Reportedly a British company had chartered PIA’s Airbus A-310 for the purposes of a film, which was shot in Malta, following which the aircraft flew to Germany and then sold for Rs190 million. The film company had also paid PIA over $200,000 as rent for the plane. Bernd Hildenbrand was the CEO of the PIA then.

From Malta, the Airbus flew directly to the Leipzig Halle Airport museum in Germany, the media reports had suggested. The reports also said that the aircraft had already completed its flying hours and was no longer airworthy since it was a 30-year-old aircraft and had already been grounded.

Senior counsel Salman Akram Raja, who was representing the PIA’s Board of Directors, however assured the court that he will furnish a comprehensive report about the aircraft, but informed it that the matter was already under the scrutiny of the National Accountability Bureau (NAB). The counsel also agreed to the immense need to change the culture in the PIA.

“How can the former CEO leave the country in the first place,” Justice Ijaz-ul-Ahsan observed, adding that who authorised the sale of the aircraft also wondering why it was done in a discreet manner.

That person must be in jail, the chief justice regretted but here nobody was bothered about the aircraft which was the public property.

“You cannot secure your aircraft from your own employee,” the chief justice observed also wondering whether NAB would go to Germany to retrieve the plane.

The chief justice also wanted to know about the steps taken to get the aircraft back also suggesting that the PIA could have purchased some aircraft from Etihad Airways which owned a fleet of 200 aircraft when they put these for sale to overcome their losses.

He also inquired about the old aircraft of Aero Asia and Shaheen Air, which were getting rust at Karachi. Could not these aircraft be utilised by the PIA to enhance their operations, the chief justice said.

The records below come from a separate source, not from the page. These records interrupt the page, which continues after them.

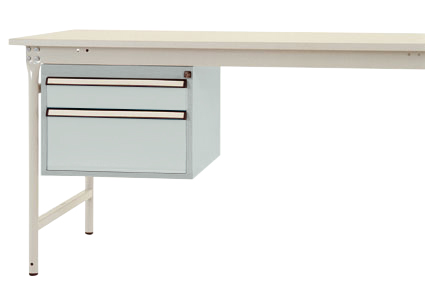 ZB4552-BASIS_stationaer_Unterbau_NH_300mm_1x100mm_1x200mm_7035.jpg BrigFox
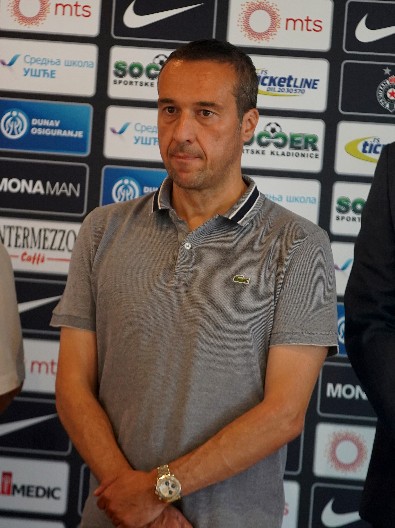 GDE JE NESTAO MLADEN MIJATOVIĆ? Bio je omiljeno TV lice, a evo gde se danas danas nalazi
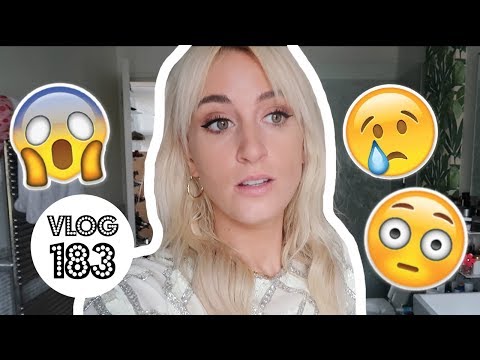 Niemand Om Mee Te Praten Vlog 183 Queen Of Jetlags Niemand Om Mee Te Praten Vlog 183 Queen Of Jetlags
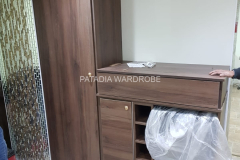 office8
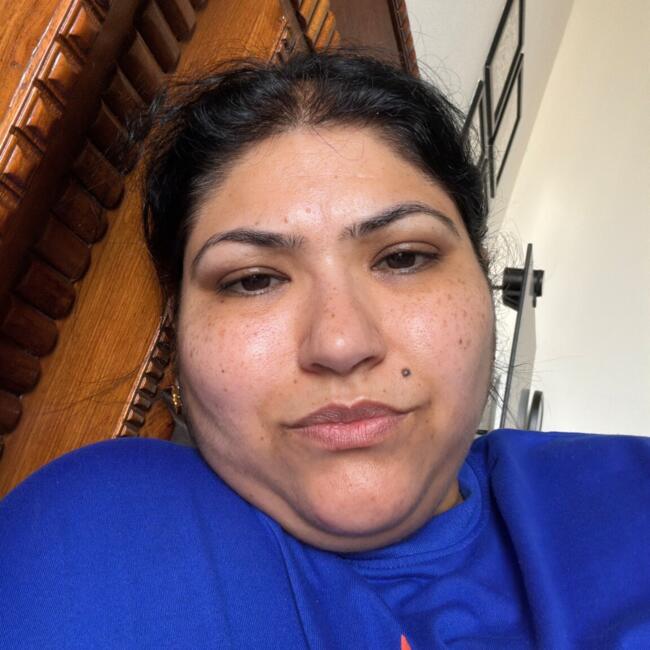 Babysitting job in Gurugram: Seema
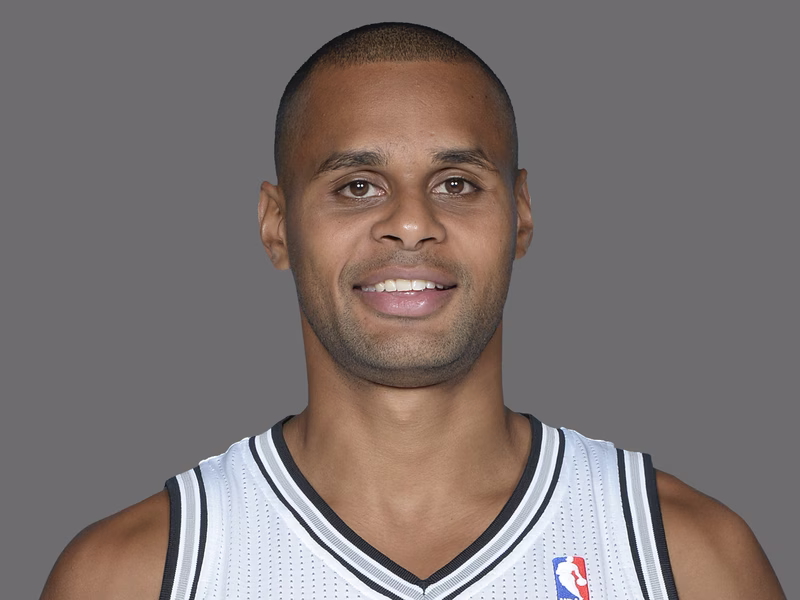 San Antonio Spurs y Miami Heat repiten final de Conferencia. Steve Kerr, a los Warriors
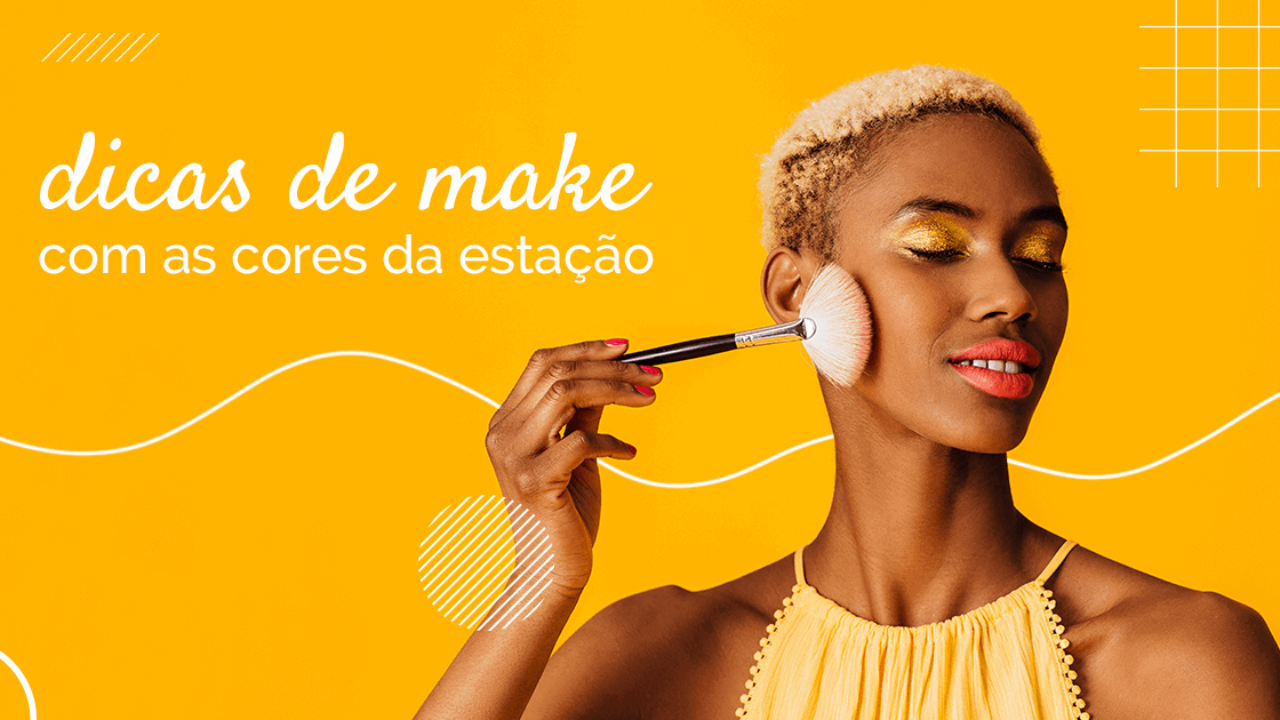 Guia Completo de Contorno Facial: Produtos Essenciais e Aplicação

The court, however, was told that these were leased aircraft, the owners of which were in the process of removing them.

The chief justice was also critical about the Islamabad-Karachi bound PIA fare which has gone to a staggering Rs70,000. “PIA is making revenue by exploiting people,” he observed. You cannot run airlines by selling its assets, the chief justice said.

Justice Ahsan regretted that the unabated selling of routes, indiscriminate issuance of licenses and absence of thought process by introducing other airlines in competition of the PIA had created a mess.

During the hearing, Justice Sajjad Ali Shah also expressed surprise by asking why the PIA did not carry out complete process to appoint a full-time CEO who was also a serving officer of the PAF in contravention of the earlier judgments of the Supreme Court.

At this the chief justice observed that the present CEO must have left the PAF before joining the PIA, adding that national airline needed to have a full-time management head who could concentrate fully to bring improvement in the airlines.

“He is already an employee of the PAF then how can he be given a fresh appointment,” Justice Shah asked.